Before her breakthrough as a pop star in 1986, London-born Samantha Fox gained notoriety throughout England as a teenaged topless model for The Sun’s “Page 3” feature. Although she cut her first single concurrently, it wasn’t until she shifted her focus solely to music that she achieved chart success. Over a five-year period, she released four albums and 15 singles on Jive Records which resulted in multiple number-one, top-five, and top-10 entries across Europe and the U.S.
Cherry Pop’s new two-CD/two-DVD set, Play It Again, Sam: The Fox Box, contains a total of 41 audio tracks and 30 video segments chronicling this prime period of Samantha’s career—and beyond. Stateside children of the ‘80s might be surprised to find the range of her catalog (both stylistically and chronologically) outside of her signature hits from the latter part of the decade: “Touch Me (I Want Your Body),” “Naughty Girls (Need Love Too),” and “I Wanna Have Some Fun.” Whether it be the feel-good, Stock-Aitken-Waterman-produced anthem “Nothing’s Gonna Stop Me Now,” the Full Force-helmed pop/hip-house hybrid “(Hurt Me! Hurt Me!) But the Pants Stay On,” or the effervescent Euro-dance cover of Tatjana’s “Santa Maria,” the releases included on disc one alone are testament to a catalog rife with strongly shaped arrangements, affluent melodies, and memorable lyrics.
Fox’s vocal execution consistently displays an engaging parity of assertiveness and vulnerability, emanating a driving sass on the 1986 rocker “Do Ya Do Ya (Wanna Please Me)” and a soft melancholy on the bouncy, reggae-tinged pop ditty, “Another Woman (Too Many People).”
Disc two of The Fox Box, entitled “Rarities & Remixes,” further demonstrates her keen sense of interpretation in a number of contexts, such as a coquettishly sultry adaptation of Donna Summer’s “Love to Love You Baby” and an understated delivery on the recently recorded club groove, “It’s You.” Devout fans will also be pleased with the inclusion of hard-to-find gems such as 2008’s “Midnight Lover” (a Greece-only release which cleverly blends techno, Latin, and folk ingredients) and a vibrant trance version of Sarah Brightman’s “A Question of Honour” (which was previously available only on a Japan Christmas compilation).
Meanwhile, the DVDs in the set pack 23 of Fox’s music videos spanning from 1983 to 2010, as well as four alternate takes, two behind-the-scenes features, and three extensive interviews from the late ‘80s and early ‘90s.

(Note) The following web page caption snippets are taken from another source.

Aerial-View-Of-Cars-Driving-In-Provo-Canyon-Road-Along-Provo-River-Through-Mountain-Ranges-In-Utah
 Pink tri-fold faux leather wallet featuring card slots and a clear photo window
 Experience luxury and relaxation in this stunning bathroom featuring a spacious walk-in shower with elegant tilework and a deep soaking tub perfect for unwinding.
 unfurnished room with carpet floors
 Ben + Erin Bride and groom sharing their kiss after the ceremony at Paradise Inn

Upon viewing the videos as a whole, both Fox’s natural sex appeal and her chameleon-like performance qualities become apparent. Highlights are found in the high energy, kinetically spirited “Hold on Tight”; the cheeky and colorful “I Only Wanna Be with You” (a rendition of Dusty Springfield’s 1964 hit); and 1997’s “The Reason Is You (One on One),” an action-themed clip with a slyly dramatic storyline set against the techno-pop number’s romantic theme.
Through her commercial peak and postmillennial vids, what’s refreshing is the sensual appeal conveyed by Fox without resorting to strip-downs or shocking antics. Furthermore, her physique and makeup is far more palatable than the overly adorned, stick-figure approach so often succumbed to by attractive female artists in video.
The contents of Play It Again, Sam are tied together nicely with a 30-page booklet bearing a pleasing array of photos, a historical essay, and personal commentary by Fox on the tracks and their accompanying videos. Listening back to the songs from her first four albums, it’s clear why Fox’s hit-making streak varied so greatly in different parts of the world. Not one to fancy binding herself to a specific sound, Fox thrived on a healthy mixture of rockers, sweet-toothed pop confections, and edgy hybrids of urban-contemporary arrangements and club beats.
In the chart-segregated realm of the late 1980s, this eclecticism wasn’t welcomed across the board by programmers and DJs. Thus, some of her biggest hits in the U.K. disappeared with nary a trace in the States, while some of her highest charters in the U.S. of A. didn’t fare as well in Europe. But over two decades on, the musical versatility shines through as a point of distinction for Samantha Fox, who was ahead of pop contemporaries such as Madonna and Kylie Minogue in her exploration of multiple genres.